Established in Berlin two years ago, the second Native Oyster Restoration Alliance (NORA) conference will be opened in Edinburgh today.
The Glenmorangie Company, together with its partners including Scottish Natural Heritage are hosting the meeting where marine scientists, conservationists, administrators and oyster producers from across Europe will come together to develop a ‘blueprint’ for native oyster reef restoration – involving at least 15 European countries.
The plans could eventually see millions of native oysters (Ostrea edulis) returned to the seas around Sweden, France, Germany, England, Wales, Ireland, the Netherlands, Belgium, Italy and Croatia, where they were wiped out by overfishing as much as a century ago.
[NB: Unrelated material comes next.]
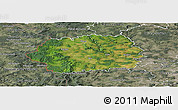 Satellite Panoramic Map of Tachov, semi-desaturated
Glenmorangie is dedicated to protecting and improving the beautiful Highland surroundings in which it has been rooted for 175 years.
And, in a European first, the whisky company and its partners, Heriot-Watt University and the Marine Conservation Society, have now begun restoring extinct native oyster reefs to the protected sea by its distillery, through the Dornoch Environmental Enhancement Project (DEEP).
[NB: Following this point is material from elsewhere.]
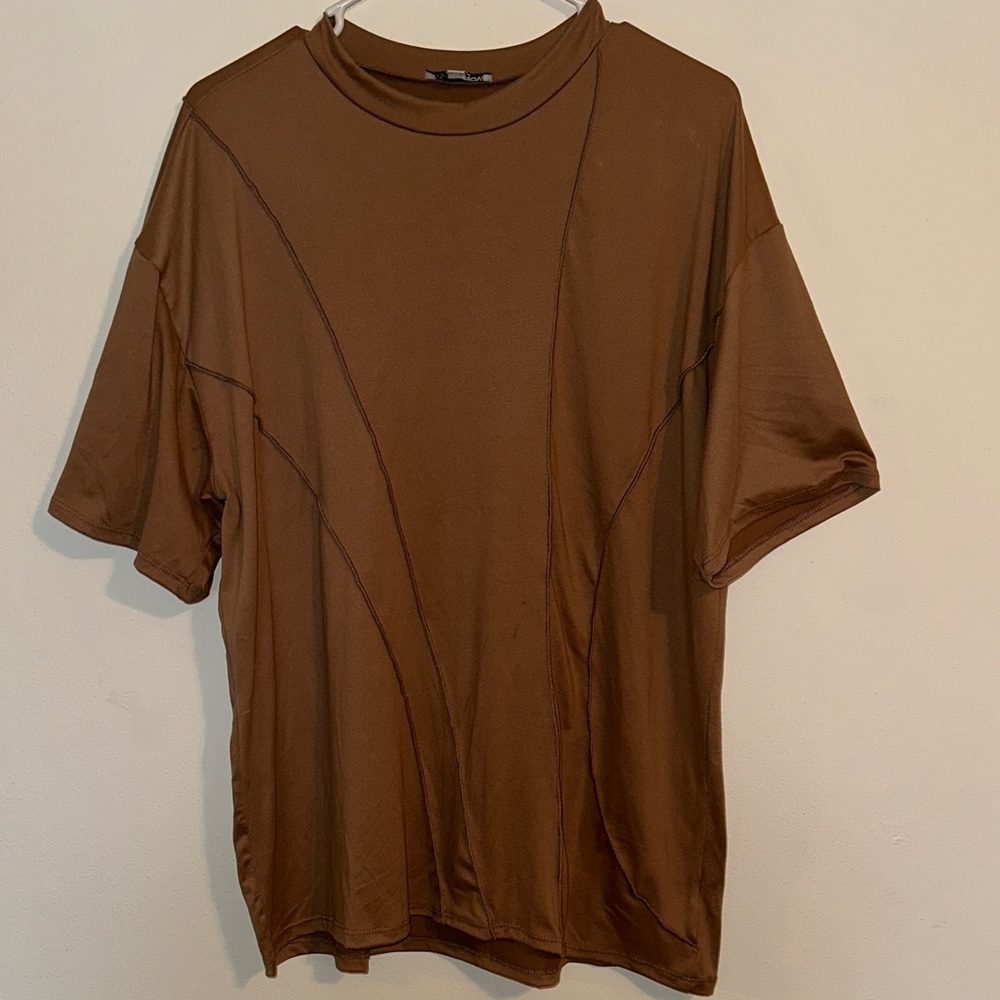 Fashion Nova Pink/Brown Oversized Tee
Thanks to the development of a sustainable native oyster supply chain in Scotland, supported by DEEP, the industry could be poised to take part in the supply of the native oysters needed for Europe’s planned restoration projects – and more in the future.
Forged in 2014, DEEP’s meticulous, research-led approach has already seen 20,000 oysters returned to the Dornoch Firth. It aims to establish a self-sustaining reef of four million oysters by 2025.
Established reefs would improve water quality and biodiversity through regaining reef-like three dimensional structures on the seafloor and act in tandem with Glenmorangie’s anaerobic digestion plant, purifying the by-products of distillation – an environmental first for a Distillery.
Dr Bill Sanderson, DEEP’s research director and associate professor of Marine Biodiversity at Heriot-Watt, is chairing the NORA conference at The Royal Society Edinburgh. He said: ‘This is a game-changing moment for marine conservation. NORA’s pledge to bring back oyster reefs across Europe, opens the door to widespread restoration, with untold benefits for our seas. DEEP’s ground-breaking work in the Dornoch Firth proves that it is possible to return oysters to areas in which they have become extinct.’
Glenmorangie president and CEO Tom Moradpour said: ‘We are incredibly proud to be pioneering DEEP’s vital environmental work with our partners, not only protecting but enhancing Glenmorangie Distillery’s environment for future generations.’
Professor Henning von Nordheim, head of the marine conservation department in Germany’s Federal Conservation Agency BfN: ‘When we founded NORA in 2017 in Berlin, we gratefully realised the overwhelming support and eagerness of so many European partners to join this fascinating vision.
‘There is a real chance to restore large areas of our over exploited marine ecosystems with native oysters, for the benefit of marine biodiversity and sea water purification all around Europe. In doing so we can learn a lot from each other at this gathering in Edinburgh.’
Scottish Government Minister for the Natural Environment Mairi Gougeon said: ‘The Dornoch Environmental Enhancement Project (DEEP) is a fantastic Scottish success story which will improve water quality and biodiversity in the Dornoch Firth.
‘Glenmorangie, Heriot-Watt University and the Marine Conservation Society can all be incredibly proud of this pioneering partnership and I look forward to the reef, and the clear benefits it will provide, being further established in the coming years.’